→ Problem description:
In the entries below, find the line with "President Bio And" and print exactly every line from there up to and including the line with "78.7-Inch Executive Desk", with no other lines.

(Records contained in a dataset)
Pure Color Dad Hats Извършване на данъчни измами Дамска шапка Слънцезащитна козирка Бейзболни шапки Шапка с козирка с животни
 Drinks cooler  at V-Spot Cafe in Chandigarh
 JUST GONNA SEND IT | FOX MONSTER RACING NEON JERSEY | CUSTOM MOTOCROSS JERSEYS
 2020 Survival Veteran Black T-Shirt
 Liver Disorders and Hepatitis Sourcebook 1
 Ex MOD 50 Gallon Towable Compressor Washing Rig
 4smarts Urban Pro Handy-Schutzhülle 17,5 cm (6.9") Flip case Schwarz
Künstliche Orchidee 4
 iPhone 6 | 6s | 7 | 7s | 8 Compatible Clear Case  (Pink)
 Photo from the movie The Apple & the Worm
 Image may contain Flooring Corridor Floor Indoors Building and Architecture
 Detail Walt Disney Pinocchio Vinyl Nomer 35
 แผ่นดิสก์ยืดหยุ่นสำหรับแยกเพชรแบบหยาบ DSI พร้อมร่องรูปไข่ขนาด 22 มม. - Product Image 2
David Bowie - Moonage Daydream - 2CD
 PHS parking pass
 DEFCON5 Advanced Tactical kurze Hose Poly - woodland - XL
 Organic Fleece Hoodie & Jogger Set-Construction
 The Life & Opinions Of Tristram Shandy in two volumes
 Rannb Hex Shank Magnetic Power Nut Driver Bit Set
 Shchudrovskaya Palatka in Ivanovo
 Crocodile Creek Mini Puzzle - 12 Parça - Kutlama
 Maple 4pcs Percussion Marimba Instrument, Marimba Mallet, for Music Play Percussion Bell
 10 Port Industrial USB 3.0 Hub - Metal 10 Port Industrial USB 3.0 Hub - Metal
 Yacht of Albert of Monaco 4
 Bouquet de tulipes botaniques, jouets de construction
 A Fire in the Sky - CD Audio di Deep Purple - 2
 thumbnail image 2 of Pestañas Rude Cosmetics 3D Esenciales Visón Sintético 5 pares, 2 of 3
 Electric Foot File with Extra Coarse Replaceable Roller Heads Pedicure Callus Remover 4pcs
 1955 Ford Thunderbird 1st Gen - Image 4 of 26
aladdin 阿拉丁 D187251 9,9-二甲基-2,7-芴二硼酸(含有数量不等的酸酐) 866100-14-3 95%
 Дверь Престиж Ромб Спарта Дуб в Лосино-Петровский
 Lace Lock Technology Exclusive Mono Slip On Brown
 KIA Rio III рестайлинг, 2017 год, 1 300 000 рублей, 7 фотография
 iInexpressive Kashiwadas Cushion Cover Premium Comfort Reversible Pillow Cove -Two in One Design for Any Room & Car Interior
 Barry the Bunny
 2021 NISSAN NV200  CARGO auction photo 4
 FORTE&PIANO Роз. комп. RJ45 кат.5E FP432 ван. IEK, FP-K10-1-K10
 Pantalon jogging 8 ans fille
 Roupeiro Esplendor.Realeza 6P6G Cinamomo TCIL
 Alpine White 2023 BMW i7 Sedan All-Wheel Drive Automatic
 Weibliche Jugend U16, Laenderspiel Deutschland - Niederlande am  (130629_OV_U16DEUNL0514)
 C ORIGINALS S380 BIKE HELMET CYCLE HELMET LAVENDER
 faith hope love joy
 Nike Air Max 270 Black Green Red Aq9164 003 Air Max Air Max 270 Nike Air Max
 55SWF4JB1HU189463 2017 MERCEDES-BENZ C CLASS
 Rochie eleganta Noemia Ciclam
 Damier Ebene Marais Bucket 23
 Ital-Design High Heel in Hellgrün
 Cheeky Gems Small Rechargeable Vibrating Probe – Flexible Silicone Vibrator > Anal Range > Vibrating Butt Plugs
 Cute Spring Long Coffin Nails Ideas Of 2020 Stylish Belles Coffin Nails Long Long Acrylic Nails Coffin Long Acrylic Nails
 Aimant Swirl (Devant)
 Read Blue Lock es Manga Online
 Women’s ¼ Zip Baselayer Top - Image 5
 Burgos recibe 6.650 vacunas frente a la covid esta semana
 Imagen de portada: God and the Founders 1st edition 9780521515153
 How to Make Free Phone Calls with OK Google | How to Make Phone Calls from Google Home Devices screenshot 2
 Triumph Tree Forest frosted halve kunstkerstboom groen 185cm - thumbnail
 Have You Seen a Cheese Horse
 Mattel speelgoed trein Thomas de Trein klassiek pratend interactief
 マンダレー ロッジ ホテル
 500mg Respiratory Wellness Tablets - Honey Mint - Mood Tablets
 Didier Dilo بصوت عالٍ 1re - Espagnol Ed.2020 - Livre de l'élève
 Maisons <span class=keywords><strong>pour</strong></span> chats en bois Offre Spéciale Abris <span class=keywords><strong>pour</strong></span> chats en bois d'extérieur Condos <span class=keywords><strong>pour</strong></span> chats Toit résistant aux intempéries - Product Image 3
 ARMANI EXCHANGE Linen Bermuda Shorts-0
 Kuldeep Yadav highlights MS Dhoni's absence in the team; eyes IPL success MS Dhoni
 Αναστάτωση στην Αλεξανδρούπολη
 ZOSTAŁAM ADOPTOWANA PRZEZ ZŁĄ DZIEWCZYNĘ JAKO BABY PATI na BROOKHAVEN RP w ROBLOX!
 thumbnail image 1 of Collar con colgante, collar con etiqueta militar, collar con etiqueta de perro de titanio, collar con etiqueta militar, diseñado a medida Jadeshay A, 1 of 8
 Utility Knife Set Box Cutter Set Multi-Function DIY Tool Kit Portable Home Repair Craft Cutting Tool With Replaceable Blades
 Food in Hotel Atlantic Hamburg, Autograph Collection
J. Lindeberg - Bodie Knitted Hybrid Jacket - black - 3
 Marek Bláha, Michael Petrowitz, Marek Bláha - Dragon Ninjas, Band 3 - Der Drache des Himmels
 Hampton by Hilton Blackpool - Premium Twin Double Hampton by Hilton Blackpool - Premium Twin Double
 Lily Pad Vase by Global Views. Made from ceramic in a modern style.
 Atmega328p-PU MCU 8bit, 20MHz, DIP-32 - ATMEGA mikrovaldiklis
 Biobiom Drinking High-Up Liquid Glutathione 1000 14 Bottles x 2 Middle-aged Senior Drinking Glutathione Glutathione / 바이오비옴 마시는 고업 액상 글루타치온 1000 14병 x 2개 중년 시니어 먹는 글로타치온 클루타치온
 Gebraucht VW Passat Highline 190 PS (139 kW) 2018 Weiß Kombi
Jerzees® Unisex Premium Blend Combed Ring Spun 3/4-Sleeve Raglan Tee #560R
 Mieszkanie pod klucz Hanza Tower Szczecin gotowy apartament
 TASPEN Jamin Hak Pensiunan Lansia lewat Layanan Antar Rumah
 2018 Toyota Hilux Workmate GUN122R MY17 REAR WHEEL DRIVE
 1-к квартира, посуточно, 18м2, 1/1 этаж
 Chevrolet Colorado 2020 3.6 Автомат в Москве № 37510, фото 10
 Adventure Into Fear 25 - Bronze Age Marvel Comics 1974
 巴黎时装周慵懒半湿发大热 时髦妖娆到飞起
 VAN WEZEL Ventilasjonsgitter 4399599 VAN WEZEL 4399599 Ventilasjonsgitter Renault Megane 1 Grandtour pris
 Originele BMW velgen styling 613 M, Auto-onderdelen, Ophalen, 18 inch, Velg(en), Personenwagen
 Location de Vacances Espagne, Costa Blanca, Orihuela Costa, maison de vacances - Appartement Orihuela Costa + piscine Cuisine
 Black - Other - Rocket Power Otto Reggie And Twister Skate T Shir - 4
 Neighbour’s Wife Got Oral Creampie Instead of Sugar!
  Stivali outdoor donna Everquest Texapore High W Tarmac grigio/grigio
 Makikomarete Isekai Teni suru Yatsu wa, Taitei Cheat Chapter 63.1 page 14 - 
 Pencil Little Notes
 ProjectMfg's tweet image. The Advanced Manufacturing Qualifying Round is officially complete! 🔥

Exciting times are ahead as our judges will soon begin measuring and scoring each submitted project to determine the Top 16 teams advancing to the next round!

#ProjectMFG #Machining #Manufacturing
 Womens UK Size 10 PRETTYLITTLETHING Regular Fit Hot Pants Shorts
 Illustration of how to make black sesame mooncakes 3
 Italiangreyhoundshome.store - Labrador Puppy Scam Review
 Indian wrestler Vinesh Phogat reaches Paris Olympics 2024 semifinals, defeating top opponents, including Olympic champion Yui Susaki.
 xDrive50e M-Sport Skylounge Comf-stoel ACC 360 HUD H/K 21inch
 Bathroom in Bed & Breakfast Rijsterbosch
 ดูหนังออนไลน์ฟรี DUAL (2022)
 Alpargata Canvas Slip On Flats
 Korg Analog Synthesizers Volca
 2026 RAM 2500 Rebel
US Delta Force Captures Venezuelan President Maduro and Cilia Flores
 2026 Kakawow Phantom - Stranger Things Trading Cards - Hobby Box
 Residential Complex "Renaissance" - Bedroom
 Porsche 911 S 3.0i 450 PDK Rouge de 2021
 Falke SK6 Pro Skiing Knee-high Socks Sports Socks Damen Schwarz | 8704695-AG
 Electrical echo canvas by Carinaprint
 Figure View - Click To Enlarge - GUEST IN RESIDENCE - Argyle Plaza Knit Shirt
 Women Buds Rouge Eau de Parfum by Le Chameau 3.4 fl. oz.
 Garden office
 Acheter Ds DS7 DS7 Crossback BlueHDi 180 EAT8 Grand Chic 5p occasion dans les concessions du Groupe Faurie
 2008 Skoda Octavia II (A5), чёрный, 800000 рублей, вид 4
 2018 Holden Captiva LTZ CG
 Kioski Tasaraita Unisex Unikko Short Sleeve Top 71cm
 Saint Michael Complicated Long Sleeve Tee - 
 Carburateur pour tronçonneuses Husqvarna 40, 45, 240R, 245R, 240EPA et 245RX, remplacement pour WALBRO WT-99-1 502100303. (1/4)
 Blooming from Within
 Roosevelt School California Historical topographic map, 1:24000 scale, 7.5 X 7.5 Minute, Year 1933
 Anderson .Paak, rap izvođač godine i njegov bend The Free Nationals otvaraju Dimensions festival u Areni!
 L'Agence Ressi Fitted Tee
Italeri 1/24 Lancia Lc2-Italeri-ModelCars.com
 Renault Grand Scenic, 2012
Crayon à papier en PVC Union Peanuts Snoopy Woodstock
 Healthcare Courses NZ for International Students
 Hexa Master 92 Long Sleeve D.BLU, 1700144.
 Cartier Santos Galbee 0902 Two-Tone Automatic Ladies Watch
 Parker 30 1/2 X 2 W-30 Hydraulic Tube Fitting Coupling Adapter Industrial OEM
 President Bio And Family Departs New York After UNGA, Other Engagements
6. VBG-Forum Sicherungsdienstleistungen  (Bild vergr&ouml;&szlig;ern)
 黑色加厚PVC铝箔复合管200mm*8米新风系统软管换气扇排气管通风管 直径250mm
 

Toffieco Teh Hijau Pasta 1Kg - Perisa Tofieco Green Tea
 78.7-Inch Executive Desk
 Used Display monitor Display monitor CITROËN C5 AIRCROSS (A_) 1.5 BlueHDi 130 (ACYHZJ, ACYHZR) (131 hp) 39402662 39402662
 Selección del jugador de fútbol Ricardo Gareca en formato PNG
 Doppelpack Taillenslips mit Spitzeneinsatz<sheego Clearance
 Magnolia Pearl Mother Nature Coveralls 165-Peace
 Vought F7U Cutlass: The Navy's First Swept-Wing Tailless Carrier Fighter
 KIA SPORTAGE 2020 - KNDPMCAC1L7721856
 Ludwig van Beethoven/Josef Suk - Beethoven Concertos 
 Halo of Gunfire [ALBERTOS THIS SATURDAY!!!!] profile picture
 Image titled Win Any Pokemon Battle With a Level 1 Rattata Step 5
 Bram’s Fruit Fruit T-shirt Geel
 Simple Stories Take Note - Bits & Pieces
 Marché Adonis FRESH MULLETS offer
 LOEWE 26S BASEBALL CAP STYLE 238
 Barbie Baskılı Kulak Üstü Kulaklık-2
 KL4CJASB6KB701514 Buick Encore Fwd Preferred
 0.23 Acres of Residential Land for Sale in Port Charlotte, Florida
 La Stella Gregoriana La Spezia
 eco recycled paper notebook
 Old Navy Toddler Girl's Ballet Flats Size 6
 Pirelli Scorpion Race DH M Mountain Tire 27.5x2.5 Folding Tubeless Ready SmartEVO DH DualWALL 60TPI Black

→ Output below:
 President Bio And Family Departs New York After UNGA, Other Engagements
6. VBG-Forum Sicherungsdienstleistungen  (Bild vergr&ouml;&szlig;ern)
 黑色加厚PVC铝箔复合管200mm*8米新风系统软管换气扇排气管通风管 直径250mm
 

Toffieco Teh Hijau Pasta 1Kg - Perisa Tofieco Green Tea
 78.7-Inch Executive Desk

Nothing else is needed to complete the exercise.